Mit diesem Fund hatte keiner gerechnet
Nur etwa 1,35 Meter ist die Baustelle im Seltersweg tief und schon seit einigen Wochen laufen dort die Arbeiten der SWG, um die Anwohner künftig mit Fernwärme zu versorgen. Dass Gießen vor vielen Jahren eine schwere Festung umgab, war vor Beginn der Arbeiten bekannt. Und auch der Verlauf dieser Mauer wurde von Experten auf Stadtkarten festgehalten. Nun aber die Überraschung: Ein mutmaßlich früherer Verlauf der Festungsmauer führt genau durch die Baustelle in der Shoppingstraße.
"Vor der Schippe ist es dunkel"
Bei der kurzfristig einberufenen Pressekonferenz beschreiben die Verantwortlichen die Situation folgendermaßen: "Vor der Schippe ist es dunkel". Mit diesem Fund hat also keiner gerechnet, erzählen die Verantwortlichen von den Stadtwerken und der Unteren Denkmalschutzbehörde. Die haben nun ein Team zur Baustelle geschickt, was die Mauer jetzt freilegt, damit sie dokumentiert und fotografiert werden kann. Derzeit ragt sie nur ein Stück aus dem Boden der Baustelle. Schätzungsweise geht sie noch mehrere Meter tief in die Erde.

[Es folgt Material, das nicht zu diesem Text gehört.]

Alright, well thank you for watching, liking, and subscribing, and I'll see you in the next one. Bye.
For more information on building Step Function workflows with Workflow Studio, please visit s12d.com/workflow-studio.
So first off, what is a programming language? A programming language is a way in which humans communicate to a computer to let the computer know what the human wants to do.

Alte Mauer verläuft in der Nähe der Wolkengasse
Ersten Erkenntnissen zufolge stammt die Mauer aus den 1530er Jahren, später wurde sie abgebrochen, um das Material für einen späteren Verlauf der Festung wiederzuverwerten. Was die Passanten jetzt im Seltersweg auf Höhe der Wolkengasse sehen, ist also mutmaßlich die obere Abbruchkante vom früheren Bollwerk. Später wurde die Festung ausgeweitet, es gab einen tiefen Flutgraben und "Feinde mussten sich gut überlegen, ob sie Gießen wirklich angreifen wollten", sagt Stadtarchäologe Björn Keiner am FFH-Mikro.
Weitere Funde denkbar
Stadtwerke und die Untere Denkmalschutzbehörde schließen nicht aus, dass weitere unerwartete Funde in der Zukunft folgen könnten. "Es ist wie ein Mosaik, was wir Stück für Stück zusammensetzen", so Björn Keiner. Wie lang sein Team nun mit den Ausgrabungen beschäftigt sein wird, bleibt abzuwarten. Fest steht, der ursprüngliche Abschluss der Bauarbeiten im Seltersweg wird sich nun nach hinten schieben.

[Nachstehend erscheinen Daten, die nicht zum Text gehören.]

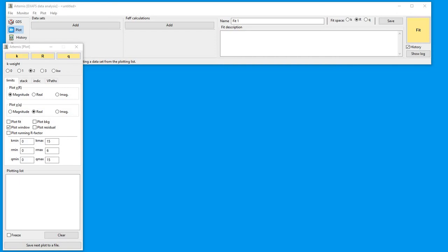Hello, my name is Shelley Kelly. I'm going to show you the Artemis portion of how to distinguish a first shell in some iron data to determine if it's an oxide or a sulfide.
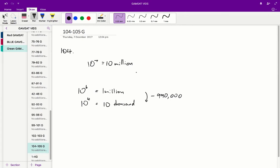So therefore, we can pretty confidently say that the greatest drop in Salmonella numbers is going to occur over the course of the 4th day because we're going to lose 990,000.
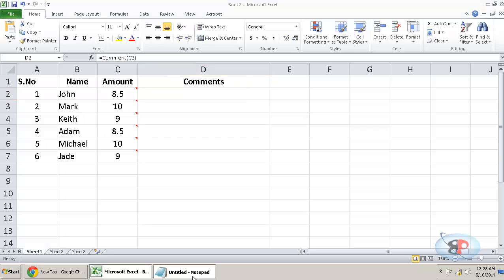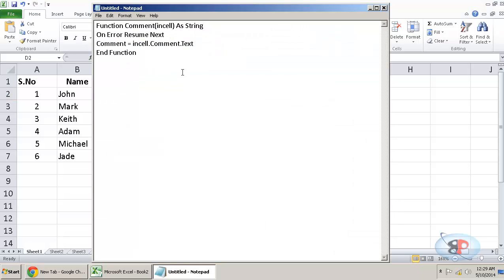So I have the code typed in here on a notepad and I have saved this on a notepad, uploaded it on Google drive and the link to download this notepad file is in the description of the video below. So you can go ahead and download it for free.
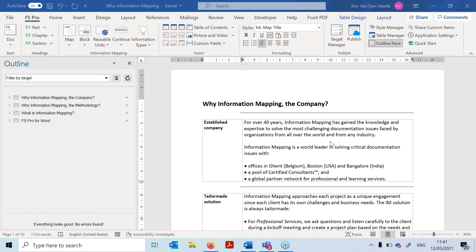Welcome to this video tutorial for the Target Manager. The Target Manager is our newest function in the FS Pro for Word software, and as you can see, it is located right over here next to the publishing feature. In short, what does the Target Manager do, or why could you benefit from it? This new function allows you to create one master document, or start from one master document, and create multiple versions from it.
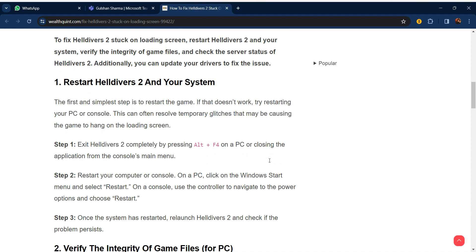Our first step is restart Helldivers 2 and your system. The first and simplest step is to restart the game. If that doesn't work, try restarting your PC or console. This can often resolve temporary glitches that may be causing the game to hang on the loading screen. Exit Helldivers 2 completely by pressing Alt+F4 on PC.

Fertigstellung der Bauarbeiten verschiebt sich
Die Stadtwerke Gießen hatten zunächst angekündigt, dass die Fernwärmeleitungen bis zum Stadtfest Mitte August verlegt und das Erdloch wieder zugeschüttet sein würden. Durch den Streik der Bauleute vor einigen Tagen hatte sich der Zeitplan bereits verschoben. Was der Fund der Mauer nun für den Zeitplan bedeuten wird, konnte am Donnerstagvormittag (06. Juni) noch keiner genau sagen. Man werde sich bemühen, die verschiedenen Interessen der Anwohner und Gewerbetreibenden bestmöglich zu berücksichtigen.
Stadtwerke verlegen Fernwärme-Leitungen
Anfang Mai haben die Stadtwerke Gießen im Seltersweg zwischen der Westanlage und der Goethestraße begonnen, Fernwärmeleitungen zu verlegen. „Die Erschließung des letzten Teilstücks des Selterswegs zwischen der Westanlage und der Goethestraße steht schon länger auf unserer Agenda“, erklärte Matthias Funk, Technischer Vorstand der SWG.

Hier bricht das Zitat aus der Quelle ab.